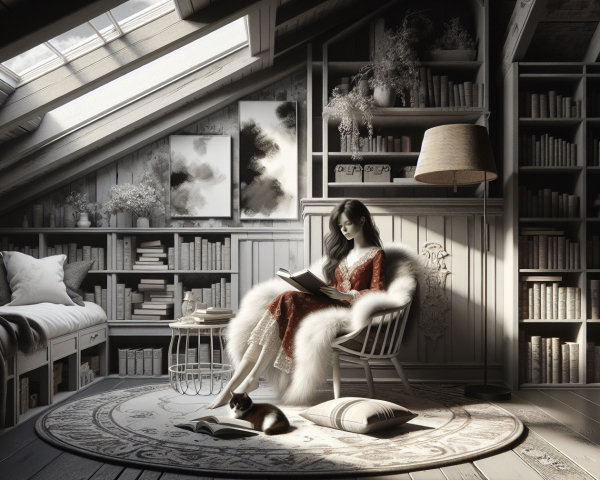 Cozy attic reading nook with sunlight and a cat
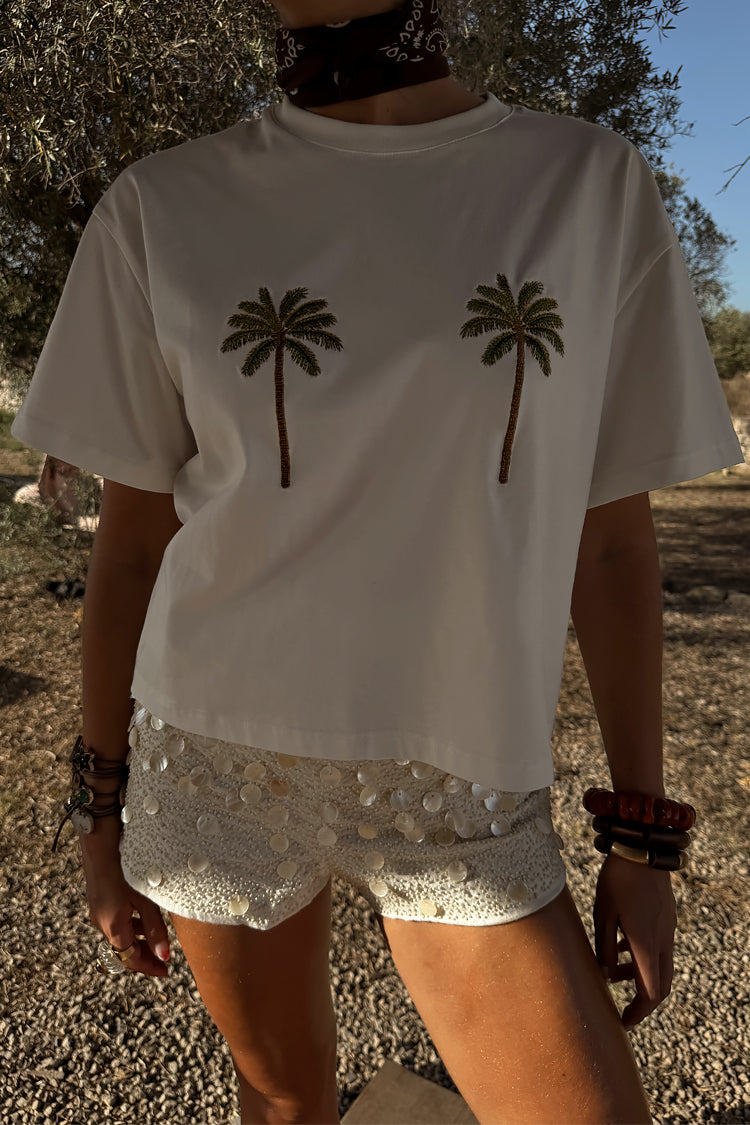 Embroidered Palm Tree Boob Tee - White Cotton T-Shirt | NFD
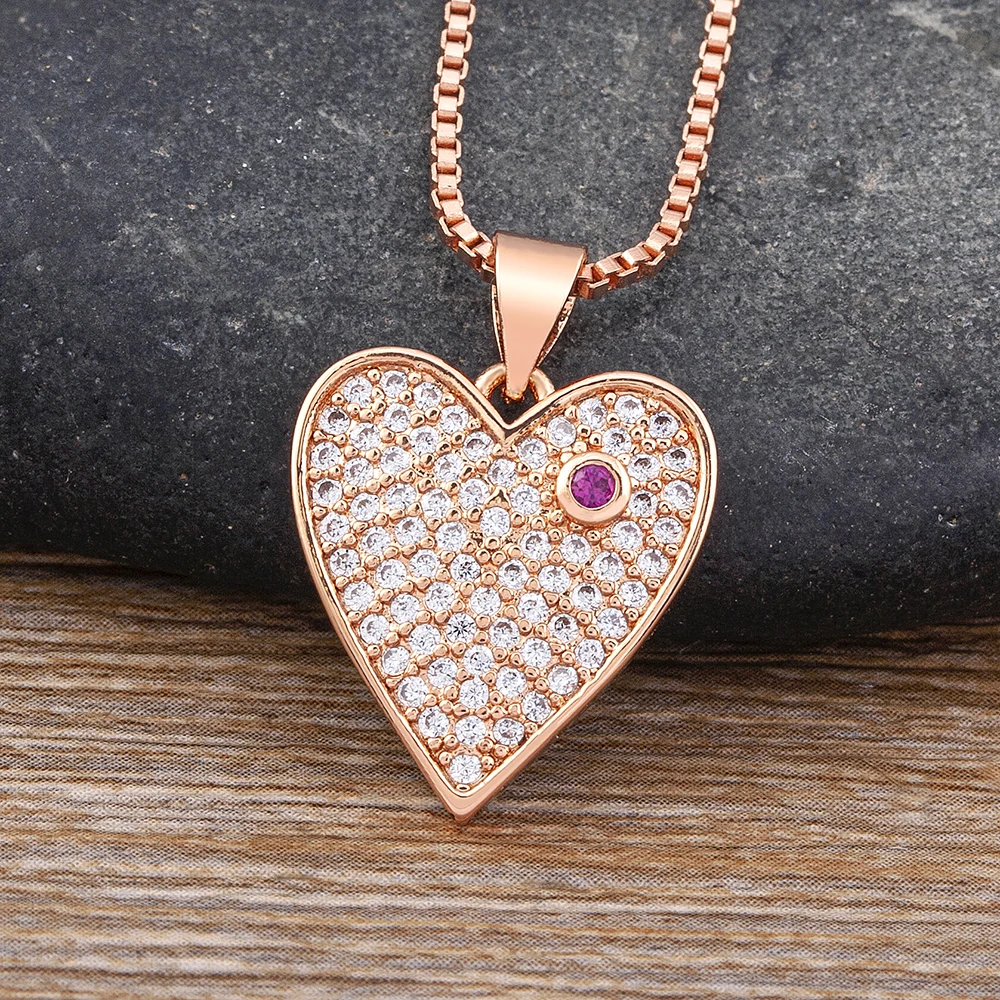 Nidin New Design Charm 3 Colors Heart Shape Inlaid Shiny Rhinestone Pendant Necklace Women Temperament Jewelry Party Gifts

---

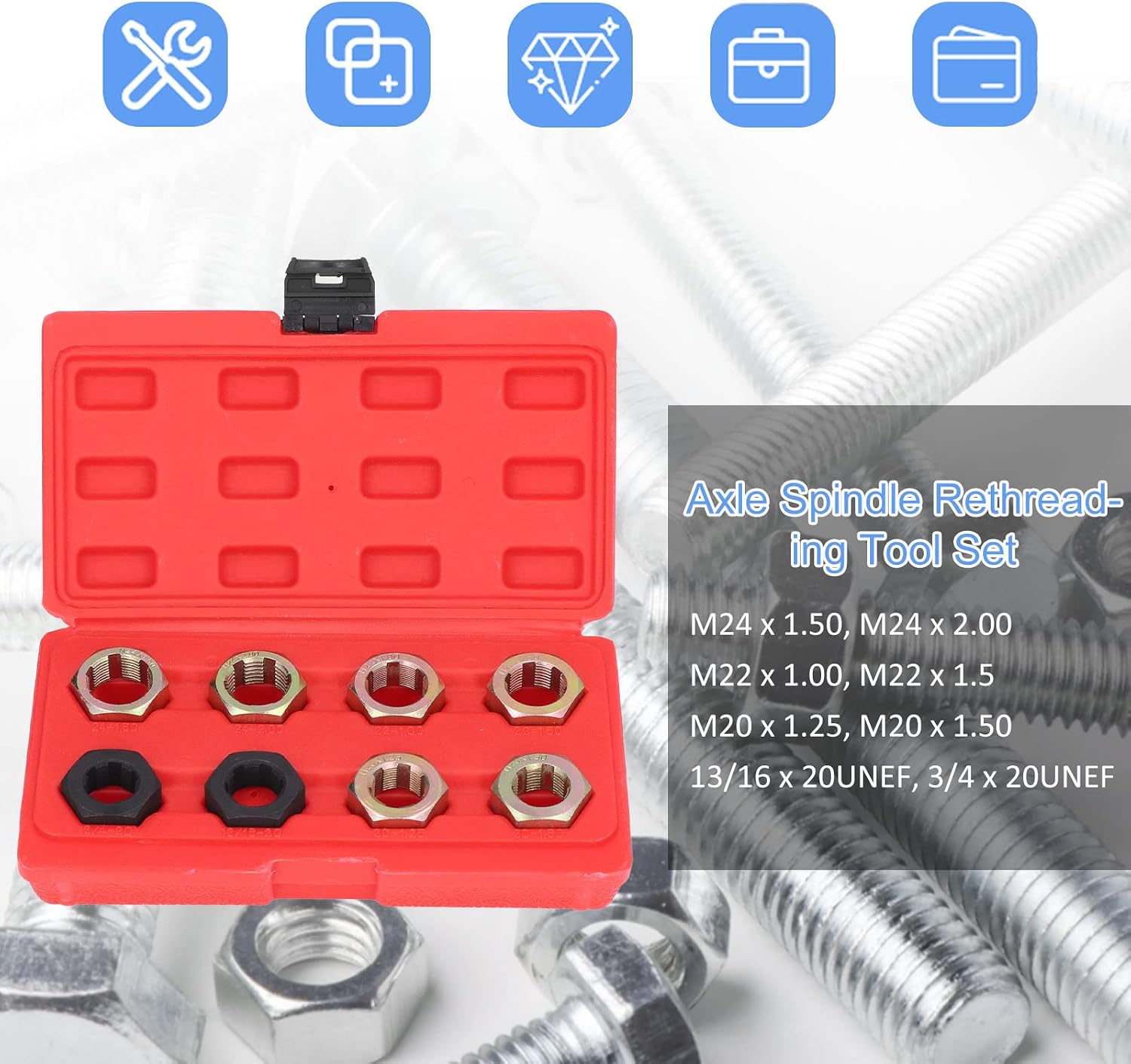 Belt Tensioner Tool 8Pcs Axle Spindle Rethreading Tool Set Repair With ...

--

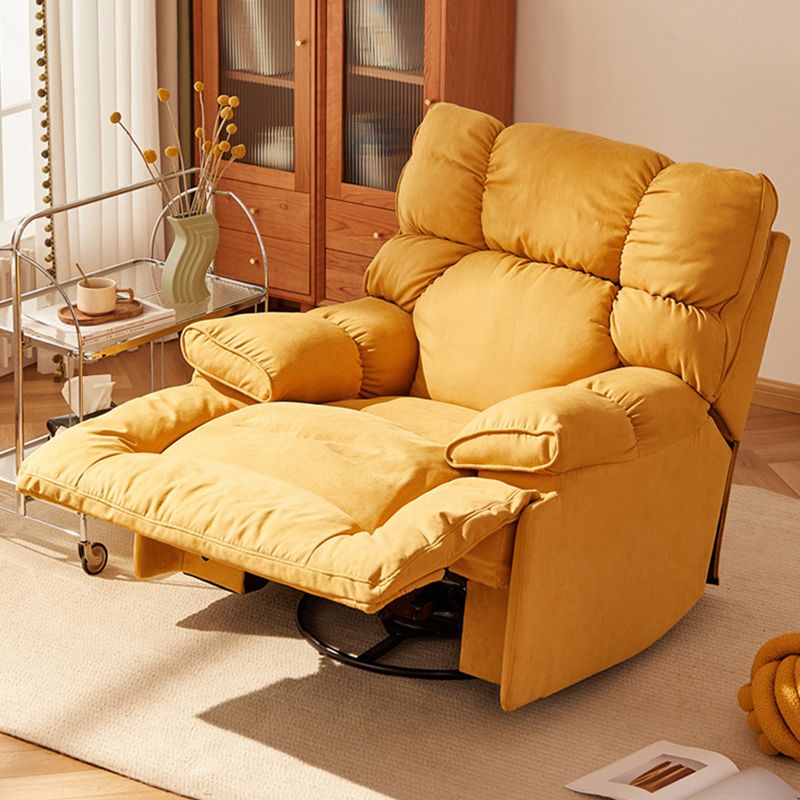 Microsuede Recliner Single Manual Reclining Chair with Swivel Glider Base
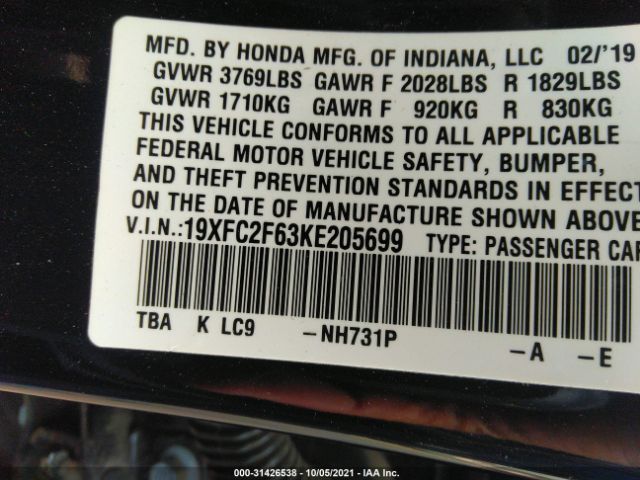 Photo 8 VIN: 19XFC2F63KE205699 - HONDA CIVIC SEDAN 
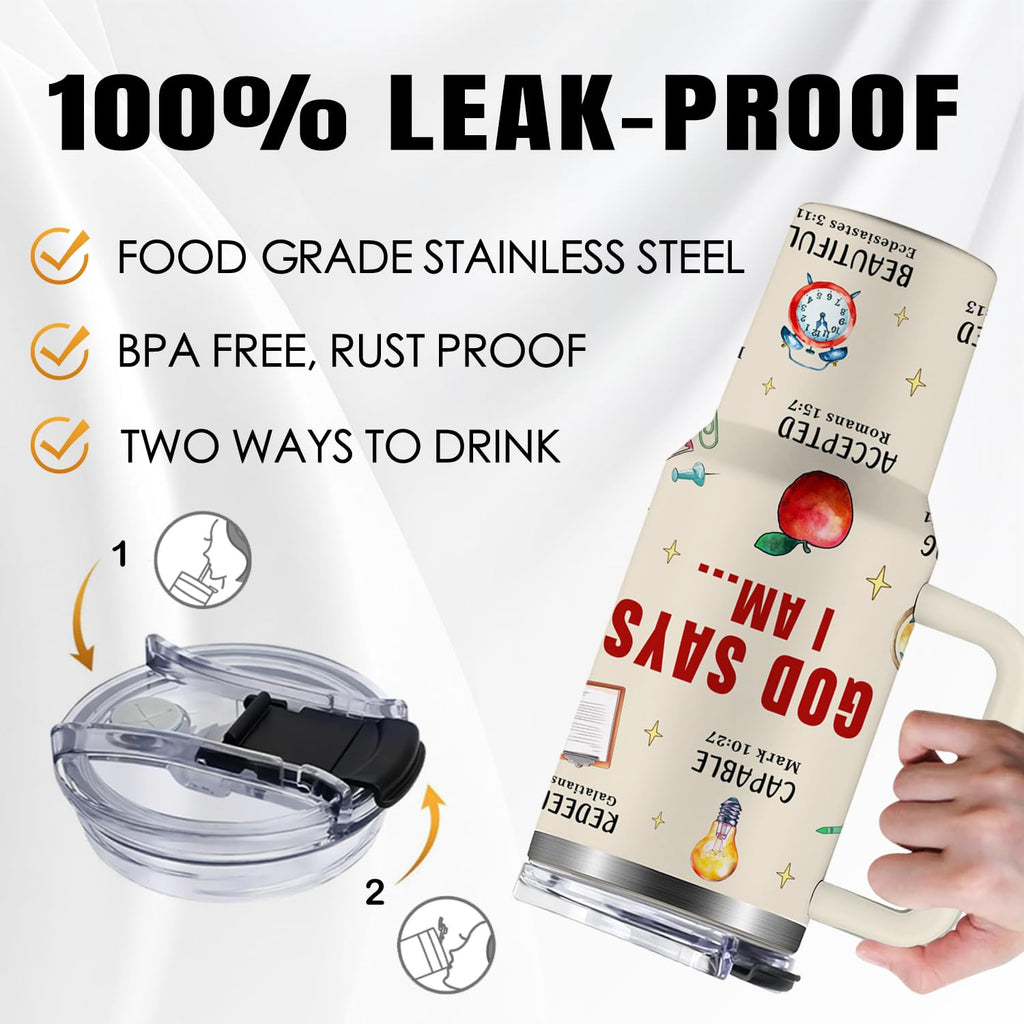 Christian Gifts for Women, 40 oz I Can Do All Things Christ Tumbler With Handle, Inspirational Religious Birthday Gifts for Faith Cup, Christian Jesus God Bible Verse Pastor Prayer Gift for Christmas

--- Required work ---
Look above for the line containing "Microsuede Recliner Single" and the line containing "Christian Gifts for", then reproduce both and everything between them exactly, pictures omitted.

--- Result ---
 Microsuede Recliner Single Manual Reclining Chair with Swivel Glider Base
 Photo 8 VIN: 19XFC2F63KE205699 - HONDA CIVIC SEDAN 
 Christian Gifts for Women, 40 oz I Can Do All Things Christ Tumbler With Handle, Inspirational Religious Birthday Gifts for Faith Cup, Christian Jesus God Bible Verse Pastor Prayer Gift for Christmas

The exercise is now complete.